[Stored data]
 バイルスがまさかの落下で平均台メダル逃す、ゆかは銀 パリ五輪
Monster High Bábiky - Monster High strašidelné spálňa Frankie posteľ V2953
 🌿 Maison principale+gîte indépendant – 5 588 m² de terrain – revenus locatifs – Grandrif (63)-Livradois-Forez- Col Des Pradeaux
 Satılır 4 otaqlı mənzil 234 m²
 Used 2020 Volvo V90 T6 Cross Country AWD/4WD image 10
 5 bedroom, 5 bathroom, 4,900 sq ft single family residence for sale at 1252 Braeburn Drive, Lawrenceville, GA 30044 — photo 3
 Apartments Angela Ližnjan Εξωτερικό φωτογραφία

==

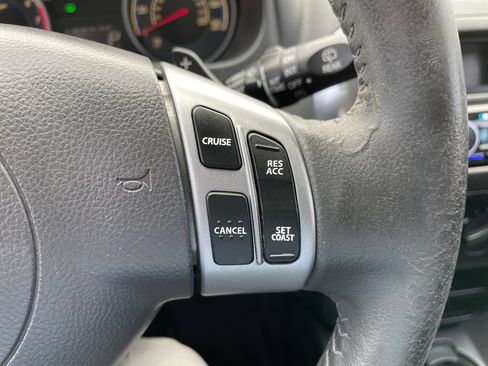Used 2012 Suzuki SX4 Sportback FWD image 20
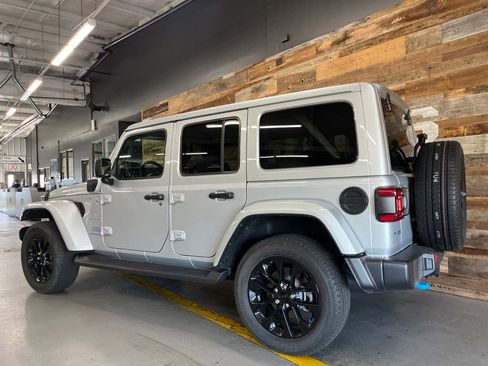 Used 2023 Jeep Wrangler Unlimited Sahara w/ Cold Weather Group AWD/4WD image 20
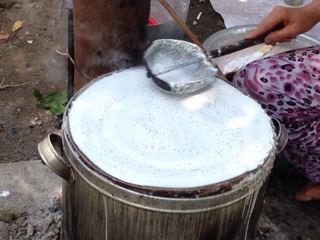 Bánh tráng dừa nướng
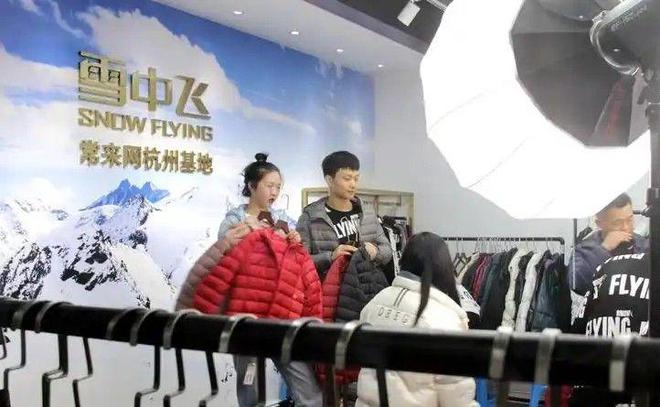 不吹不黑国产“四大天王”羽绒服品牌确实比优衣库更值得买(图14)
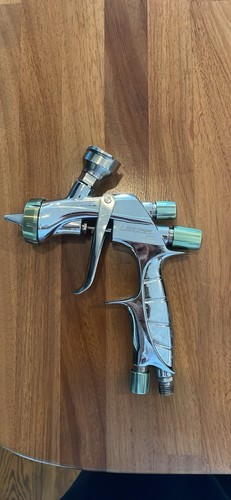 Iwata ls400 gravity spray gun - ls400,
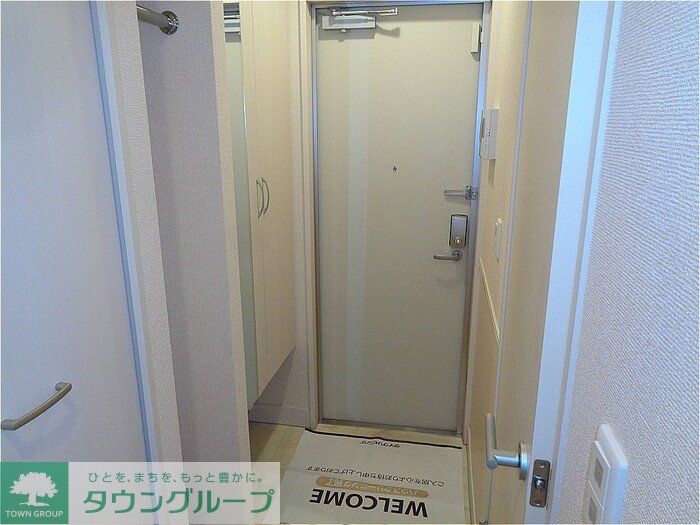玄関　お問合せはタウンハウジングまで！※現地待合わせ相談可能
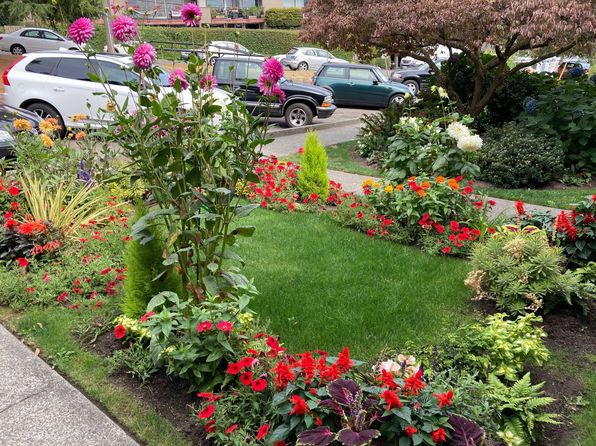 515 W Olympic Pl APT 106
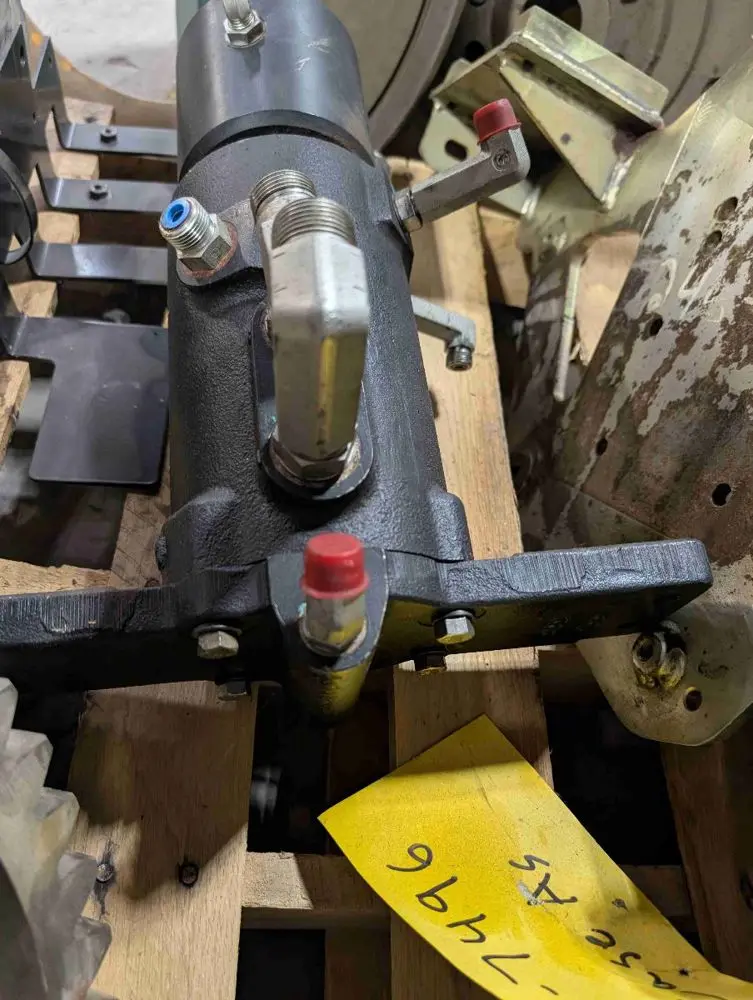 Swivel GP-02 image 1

Your instructions:
An exact copy is needed of the stretch above that opens with the line containing "Iwata ls400 gravity" and closes with the line containing "Swivel GP-02 image 1"; the pictures are not part of it.

Solution to this task:
 Iwata ls400 gravity spray gun - ls400,
玄関　お問合せはタウンハウジングまで！※現地待合わせ相談可能
 515 W Olympic Pl APT 106
 Swivel GP-02 image 1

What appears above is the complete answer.